It’s not Balderdash; It’s Boris


The Bank of England’s Michael Saunders stated that the pace of underlying growth of the UK economy is weak and Brexit may prevent  interest rates from rising and that no-deal would trigger another Sterling fall. His change in stance on interest rates reinforced negative sentiment. CBI industrial orders unexpectedly declined, sharply, to -34 for July, from -15 in June, the sharpest decline for three years which reinforces concerns over the UK economic outlook. BoE Chief Economist Andy Haldane was more optimistic than his colleague, stating he would be cautious about any monetary easing barring a sharp economic downturn, although he also suggested rate cuts were off the agenda. 

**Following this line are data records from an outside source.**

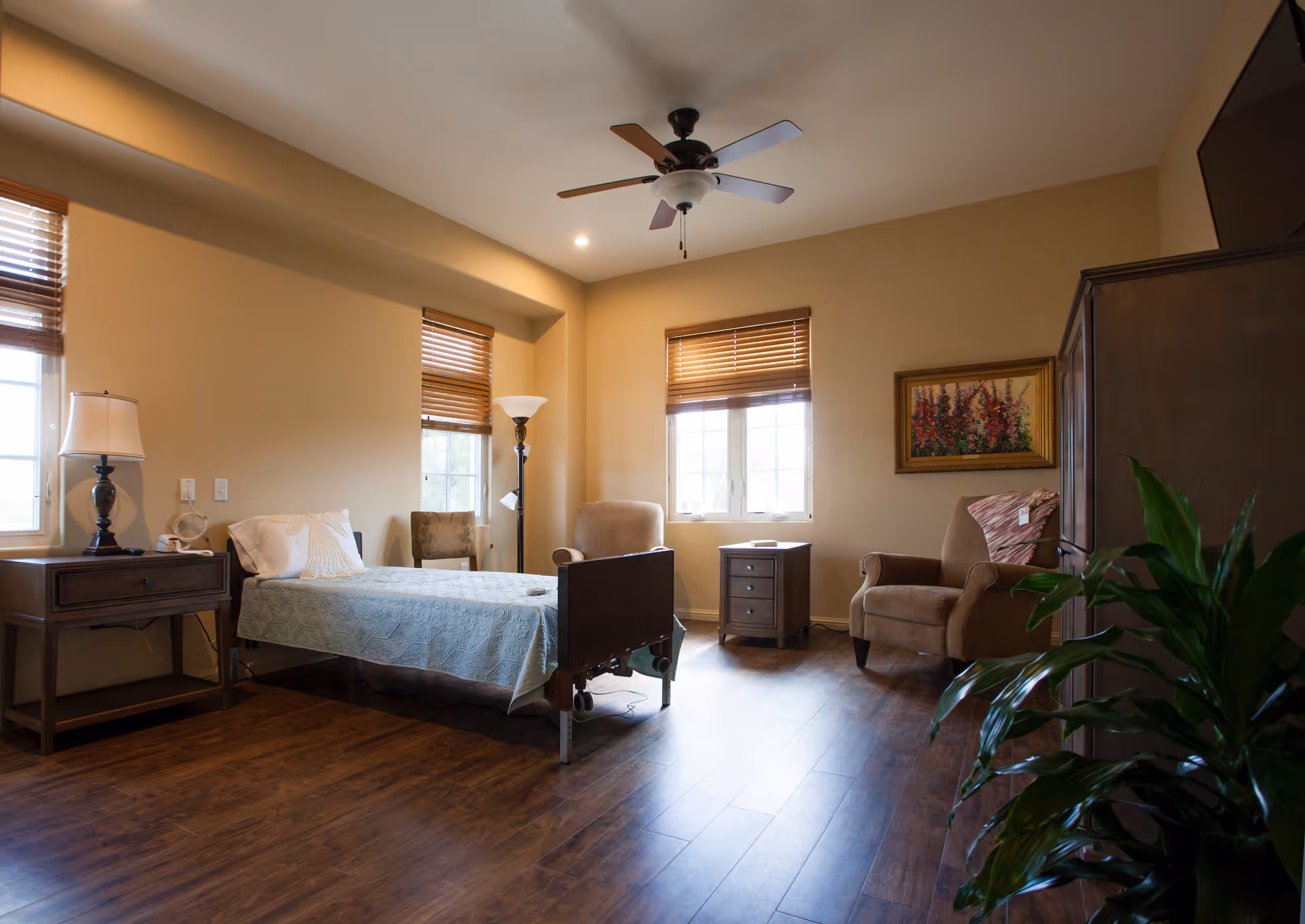 Spacious bedroom in a senior care facility with a bed, nightstand, chairs, and plants.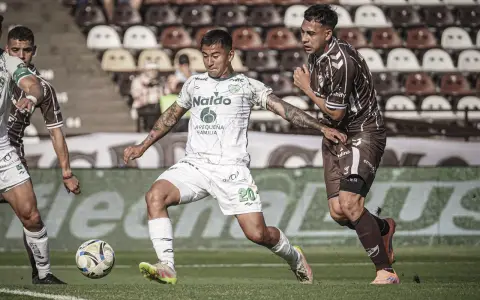 Franco Frías, de Sarmiento, se lleva la pelota ante el asedio de un defensor calamar.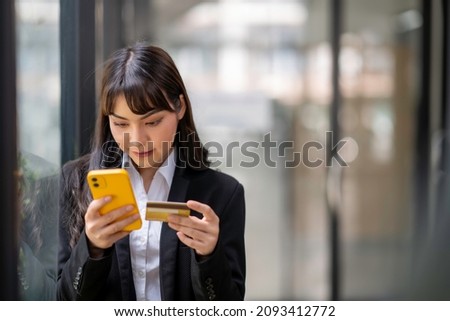 Businesswoman holding credit card while using laptop computer to buy or pay online, online shopping.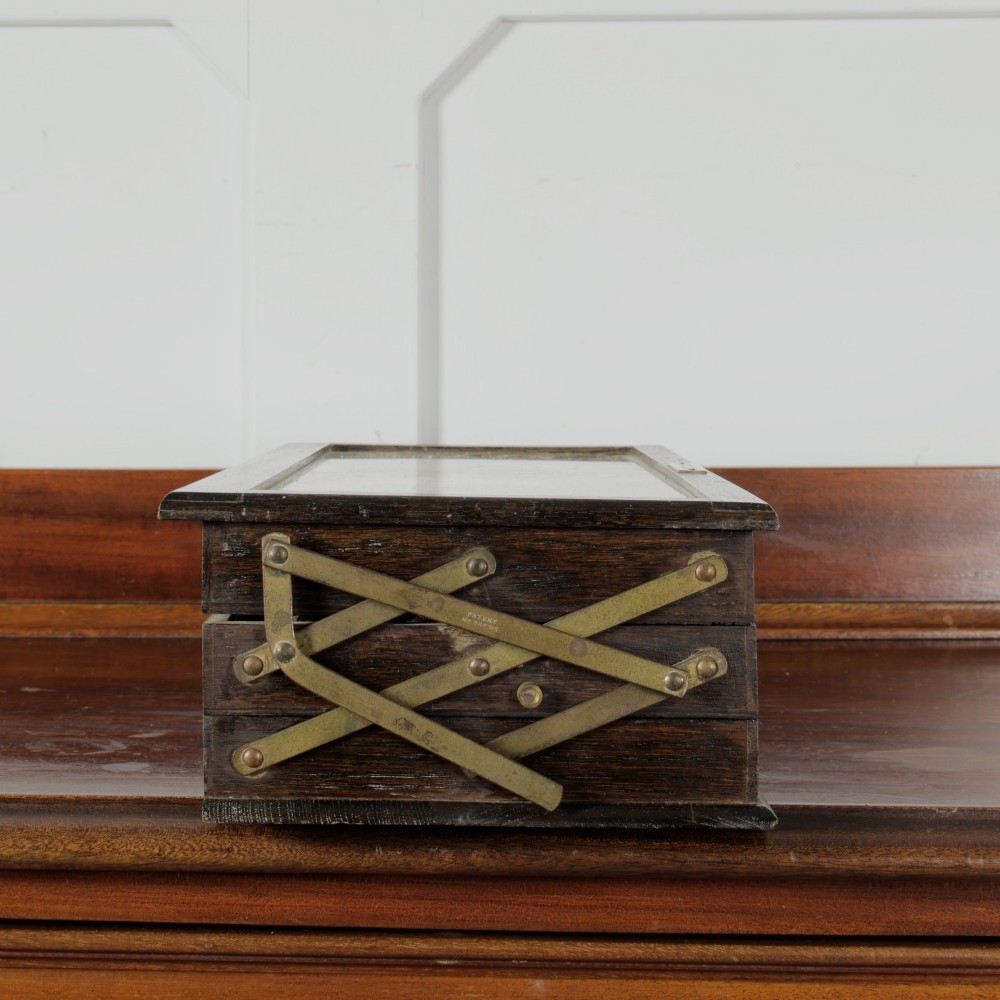 A dark wooden multi-tiered cantilever haberdashery display box with a glass lid bearing a yellow anchor logo, shown open with thread spools inside. View XIII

As widely predicted, Boris Johnson won the Conservative Party leadership election, although the margin of victory was only 2:1 whereas 4:1 has been expected. Markets remain concerned over another weak UK government given the opposition to a ‘no-deal’ scenario. Sterling dropped below 1.2420 on the Dollar before a slight rally and the Euro was held above 1.1111 before falling back to near to around 1.1160. Today’s Sterling driver will be the perception of authority of the new government and it’s ability to deliver.



The dollar was resilient despite weaker than expected releases with commodity currencies unable to make significant headway. The Dollar against the Euro dipped to 7-week lows just under 1.1150 and 1.2440 against Sterling.

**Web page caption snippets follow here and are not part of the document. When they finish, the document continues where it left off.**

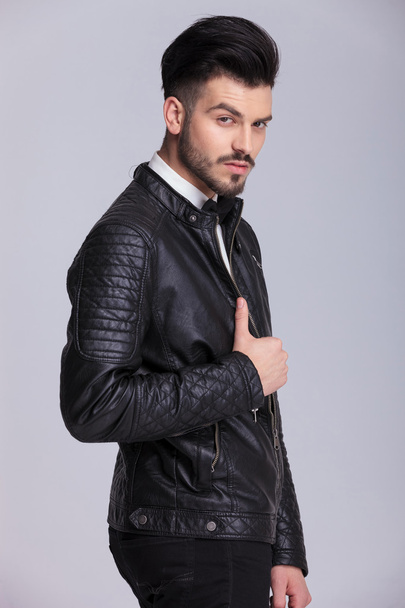  business man holding his hand on the leather jacket  - Zdjęcie, obraz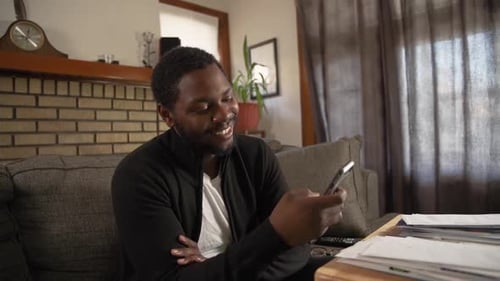 Black man texting on phone smiling in living room medium shot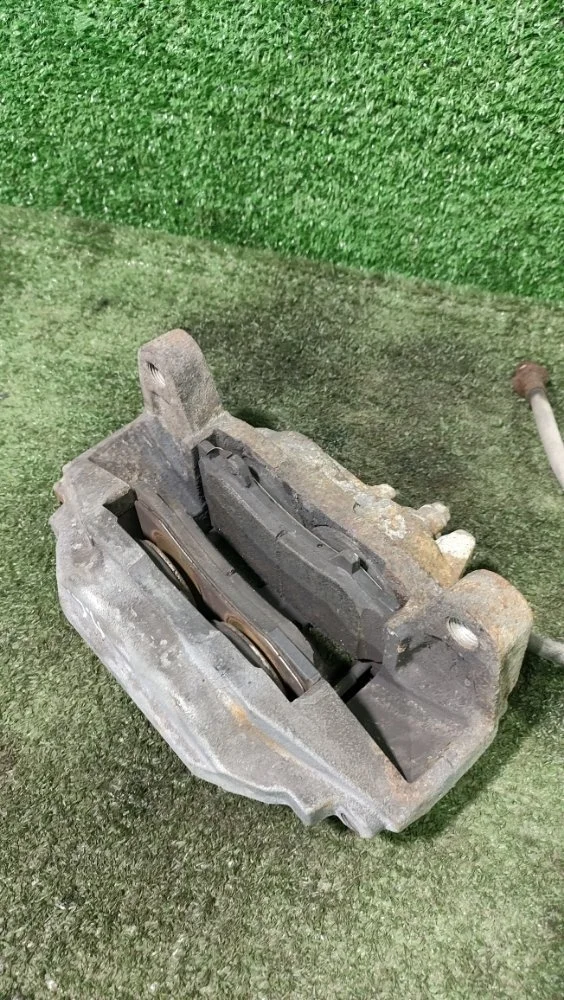 Суппорт Nissan Patrol 2011 410111LB0A Y62 VK56VD, передний левый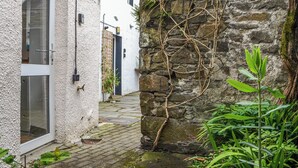 A narrow stone pathway leading to a white building with a glass door. - 1 bedroom accommodation in Keswick (Keswick)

The US Philadelphia Federal Reserve (Fed) non-manufacturing index strengthened to 21.4 for July from 8.2 previously. The components were generally strong despite a slight slowdown in increases for wages and benefits. The data maintained the run of more favourable US business surveys and continued to dampen expectations of aggressive Federal Reserve interest rate cuts. Existing home sales, however, declined to an annual rate of 5.27mn from 5.36mn. The Richmond Fed manufacturing index dipped sharply to -12 from 2 previously with a sharp contraction in orders, while price pressures increased sharply.




Rising odds for fresh monetary easing by the ECB later in the week in the form of interest rate cuts, the resumption of the QE programme and potential changes in the forward guidance have been hurting the mood in the Eurozone, whilst at the same time keeping buyers at bay. The deep pullback in the pair now carries the potential to visit yearly lows in the 1.1100 region. Today’s results from flash PMIs for the current month should be key.

As writing, the pair is retreating at 1.1145 and faces contention at 1.1125. On the upside, a breakout of 1.1280 would target 1.1350 and 1.1400.